Whilst none of these issues may preclude you from purchasing a property it’s a good way to be fully informed. Some of these issues are negotiation points.
Layout and design of the property
Whilst most internal improvements require Council approval, always look at the possibilities and multi-functionality of the space for current and future use. For example, can 4-bedroom house become a 3-bedroom house with a Granny flat? Can you put up a small internal wall and create an additional living area? Can you place a well-designed wall unit into a Studio and create an efficient workspace?
Solicitor or Conveyancer?
As mentioned previously, purchasing a property will be one of the most stressful experiences you face. Contracts are often complex and mostly written by Solicitors. Whilst most Contracts have a standard format and conditions there are often Special Conditions, Restrictions and Easements.
My long-term advice is to build up a personal relationship with a solicitor, who you trust and feel comfortable with, to meet your personal and legal requirements. For a small additional fee, your Solicitor will scrutinize the contract and let you know if there are issues of concern and take you through the legal process. You don’t want to be stuck with a property that you want to renovate but has a historical listing, where you can’t paint your fence the colour you want, plant a garden of your choice or install solar panels on your roof.
Questions to ask the selling agent
- Why is the vendor selling? You will be amazed at what agents sometimes disclose.
- How long has the property been on the market? This is usually also easy to check on-line.
- What is the level of interest?
- Have there been any offers? (Sometime the best offer is not the one accepted).
- What is included in the sale? Sometime people are attached to their portable building (garages, gazebos, curtains, taps). Never assume all fixtures and fittings are included in the sale.
Offer personal feedback to the agent regarding problematic issues, for example the property is too dark, or too noisy etc. This generally goes back to the vendor.
Purchasing an Investment Property
Purchasing an investment property is a slightly different proposition and requires some additional factors to keep in mind.
- Look for properties that are close to transport and amenities as it is easier to rent.
- Keep in mind that most building repairs and expenses are a tax deduction.
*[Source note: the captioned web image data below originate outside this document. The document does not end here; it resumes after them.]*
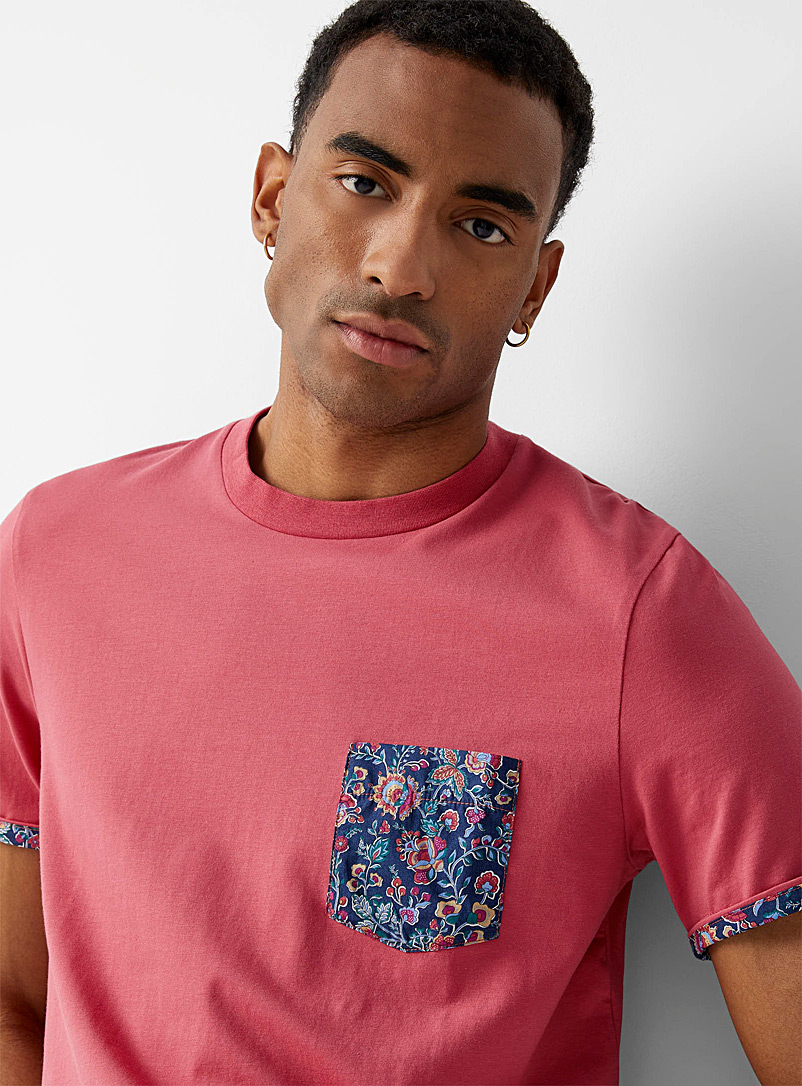 Le 31 Red Floral pocket T-shirt Made with Liberty Fabric for men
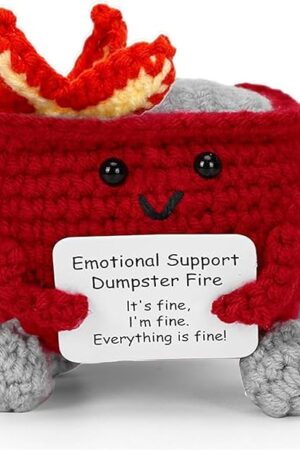 The Pickle Buddies Fiery Red Dumpster Fire Desk Accessories - Emotional Support Dumpster Fire Dolls Handmade Cute Crochet Plushies for Anxiety & Stress Relief Emotional Support Crochet Desk Decor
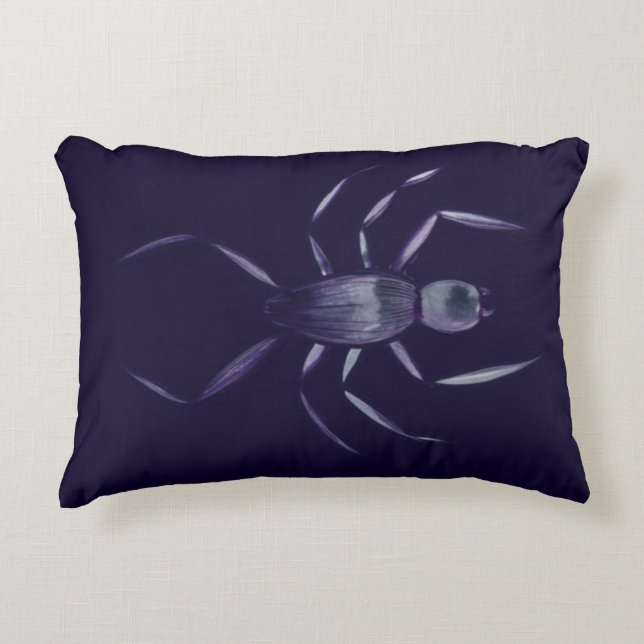 Spooky Halloween Lila Spider Art Prydnadskudde (Framsidan)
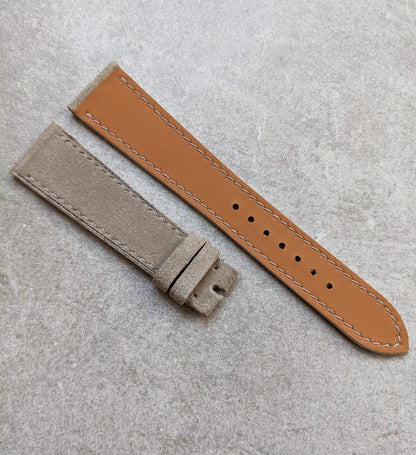 Premium Stitched Suede Strap - Light Taupe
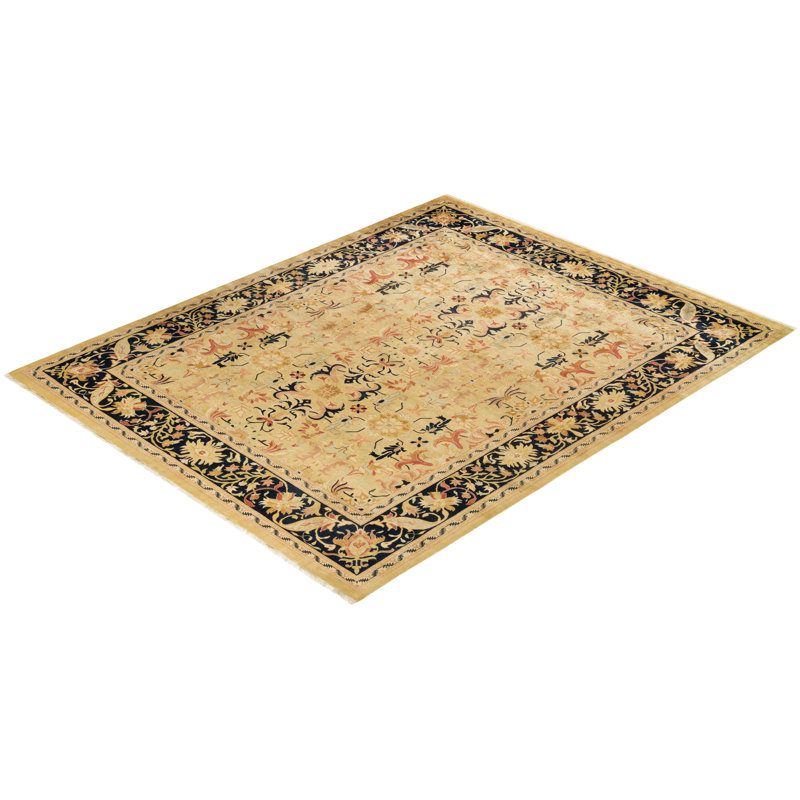 Hand-Knotted Beige and Black Wool Floral Area Rug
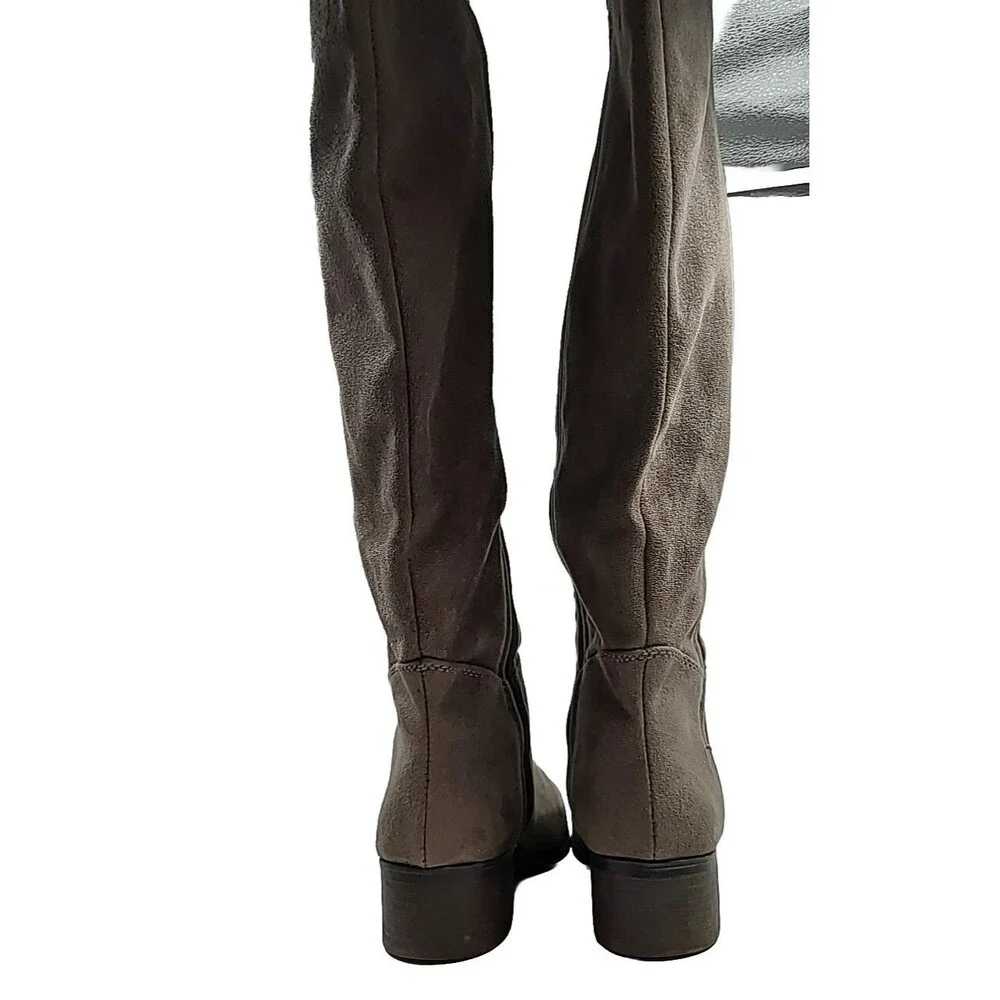 Target Womens Size 8 Knee High Pull On Tan Boots Stretch Inserts RN#17730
- When buying an investment property, you need to purchase with your head not your heart. The opposite is true for a home you want to live in.
- Try to find a property that can grow to meet different demands. For example, gauge whether the alcove in a one-bedroom unit can be converted into a study. This will add value to the property.
- It is good practice to have your finances in place before you place an offer on a property, as you can make an offer quicker, you can negotiate more vigorously, and you will be considered to be a more serious investor.
- Another important point is to check that your lending institution will lend on this specific property, in this specific area. At the time of writing this – some banks have ceased lending on properties once they have reached maximum exposure within the complex or area. In general terms, the bank does not want to be overexposed or overinvested in any particular suburb or sector.
- Make sure you always get a strata or building report. These will alert you to issues within the building and help you make an informed decision.
- If you are uncertain about the purchase, walk away even if you have spent time, effort and money on reports and contracts. It is easier and cheaper to walk away than make a purchase that you will regret.
Be aware that purchasing “off the plan” often has associated risks and you don’t always get what you pay for.